Telluride, Colorado, may not be the most accessible ski resort — it’s location is remote by many people’s standards — but once you get there, you’ll be in ski heaven. This quaint former mining town is visually stunning and has soaring 14,000-foot peaks all around. With its 125 trails, the skiing is a delight, especially Revelation Bowl, the mountain’s backside terrain. Even spending a day on the sidelines taking in the fresh alpine air with a cup of hot cider is a treat. The third top ski destination, also in Colorado, is Aspen, famous for being a celebrity magnet as well as world-class skiing and nightlife. Just down the highway is Snowmass, which also boasts some of the best skiing you’ll find anywhere. Nearby Buttermilk Mountain, as the name implies, is perfect for an easy-going day on the slopes, whereas Aspen Highlands is an expert skiers’ paradise and has plenty of double-black slopes to keep even the most hardcore ski buffs entertained.
For those adventurous souls who crave racing down steep chutes and drops, Taos Ski Valley, New Mexico, especially Kachina Peak, is the place to go. Sure, there are intermediate and beginner slopes, but many are expert terrain, and not for the faint of heart.

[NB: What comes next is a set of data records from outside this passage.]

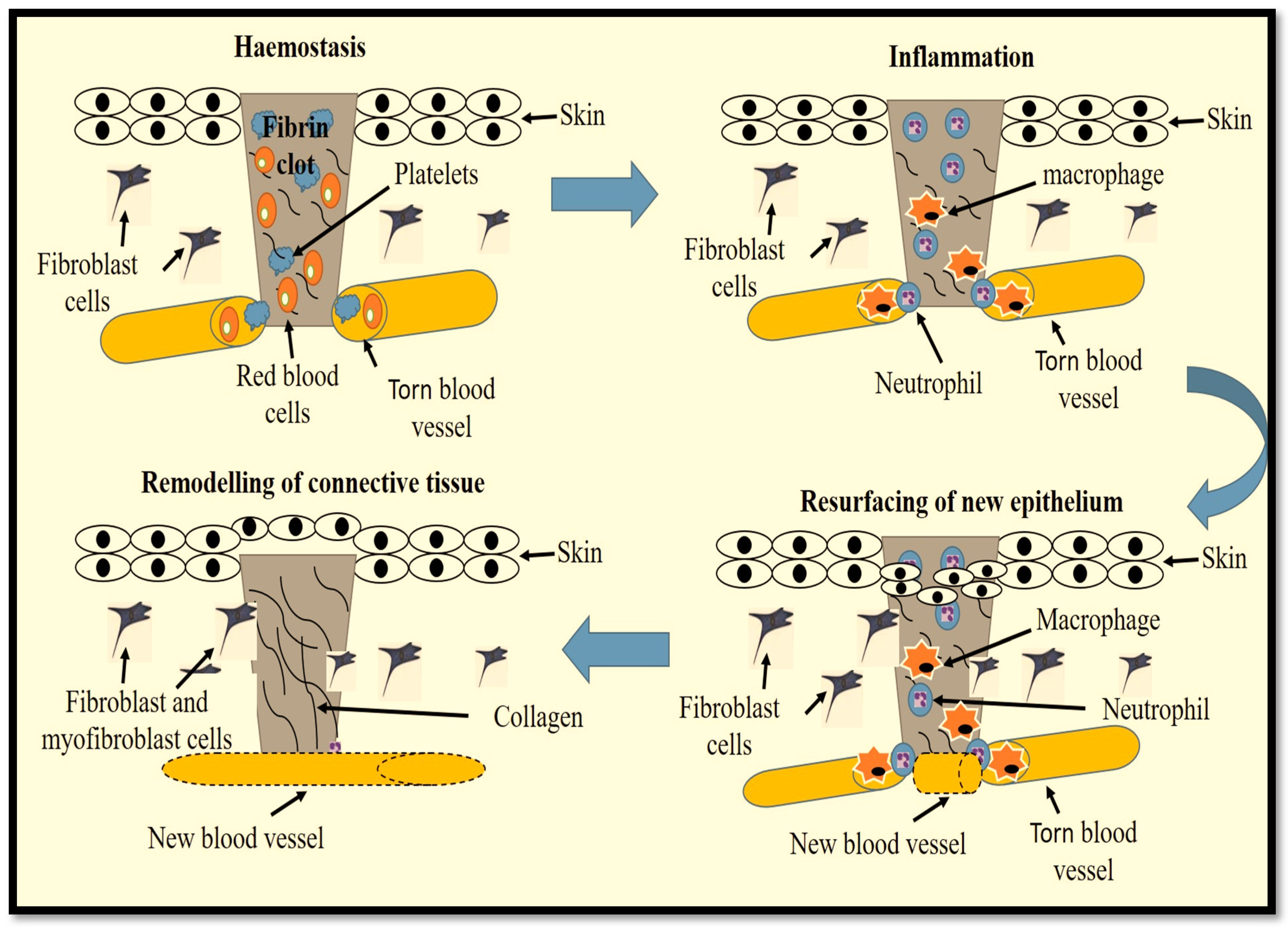 Ijms 23 04210 g001 550
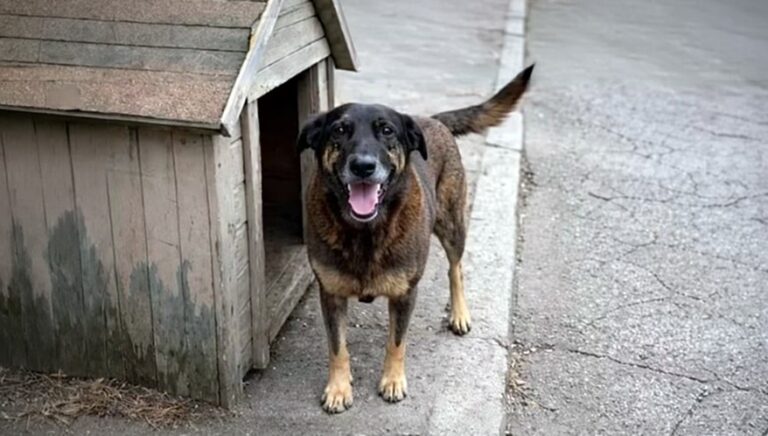 Cão Orelha: Justiça de SC determina arquivamento do caso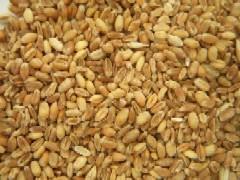 GRANO TENERO  USO ZOOT.  KG. 25 SACCHI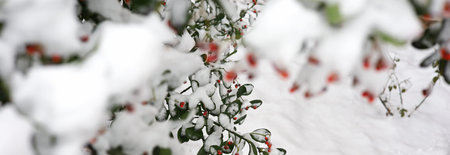 snow-covered branches and red fruits in the gardenの写真素材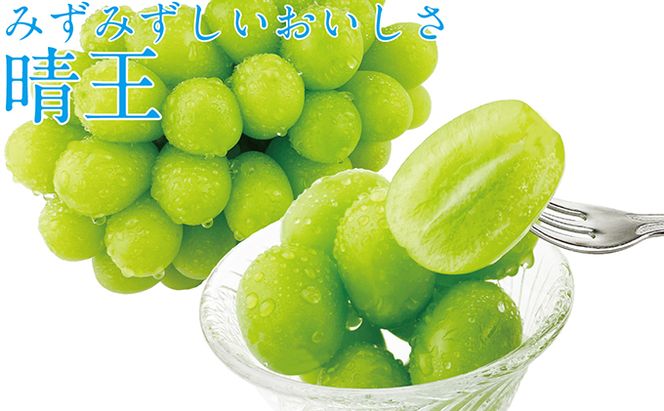 ぶどう 2026年 先行予約 シャイン マスカット 晴王 2房（合計約1kg） ブドウ 葡萄  岡山県産 国産 フルーツ 果物 ギフト デザート 食後 酸味が少ない 産地直送 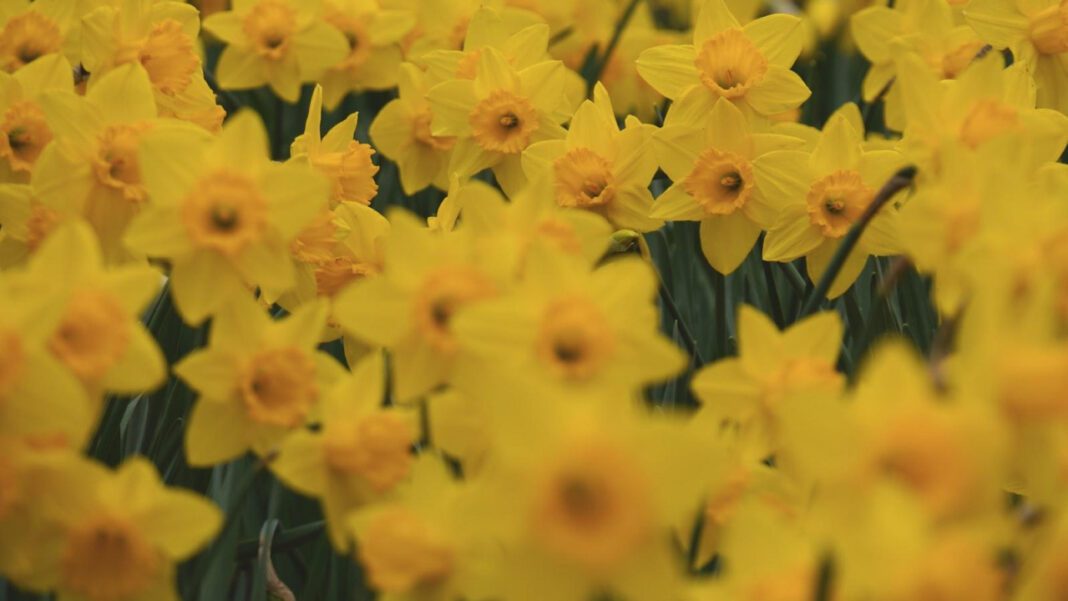 Discover Cleveland Clinic Endocrinology: Top Care for Hormonal Health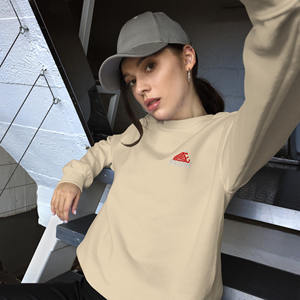 2025 personalizado Regular Fit 100% algodón invierno sudadera Streetwear pulóver hombres mujeres Gymwear Boutique moda marca OEM fábrica - Product Image 2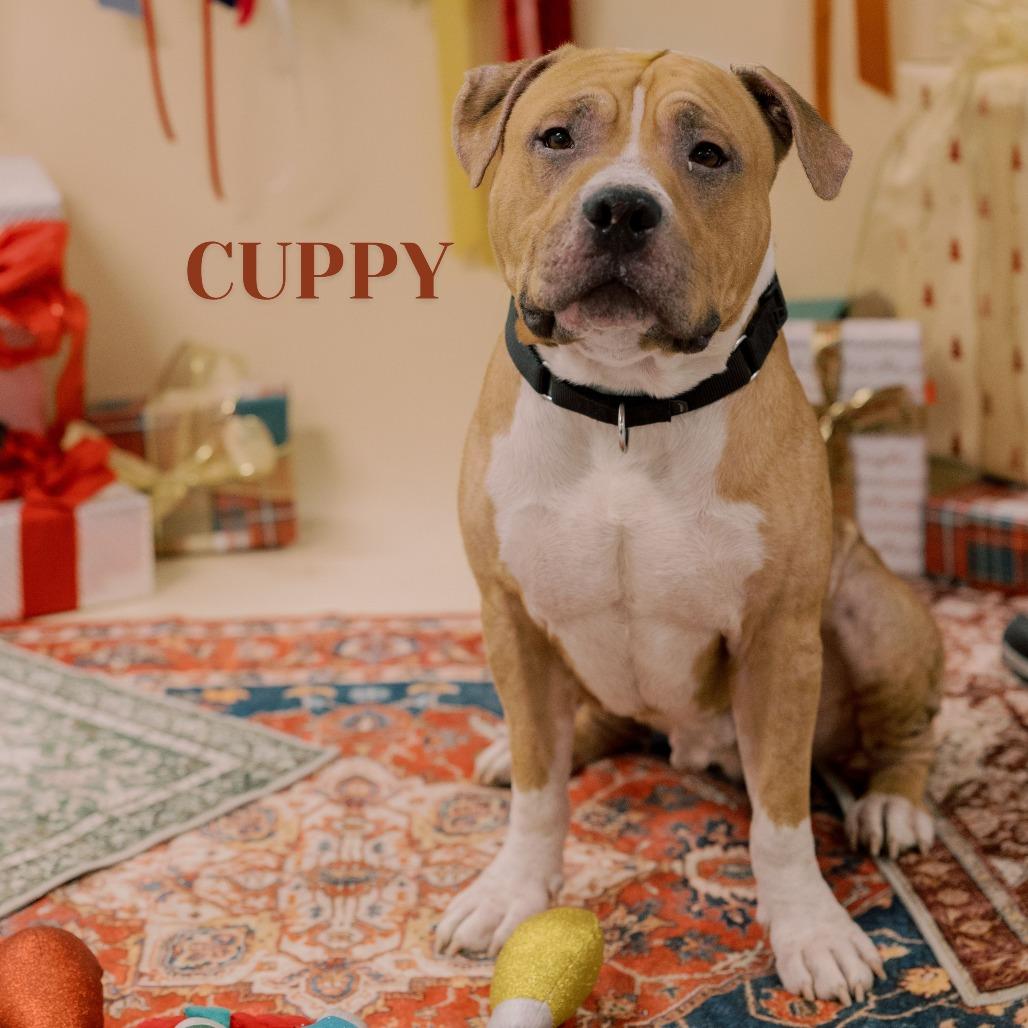 Cuppy, a Adoptable Pit Bull Terrier in Philadelphia, PA image 4/6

The natural beauty of Taos is a huge draw to this backcountry wonderland — the area is surrounded by the highest peaks in New Mexico and offers breathtaking views as well as plenty of steep ski runs. If you want to ski in the sunshine, this part of the country offers the best odds of catching some rays while skiing or boarding. Because of the area’s arid climate, the snow is dry, making it excellent for powder skiing.
East Coast dwellers need look no further than Stowe, Vermont, for European-style charm and abundant annual snowfall. Only a three-hour drive from Boston, this top ski resort has 116 runs, not to mention plenty of après-ski activity and nearby luxury hotels and spas. This New England playground draws experienced skiers as Stowe’s two mountains, Spruce Peak and Mansfield (Vermont’s highest peak), have only 16 percent green slopes. The rest are more advanced runs with over half being intermediate, making Stowe an ideal destination for those who are ready to ski hard and take on some challenging runs.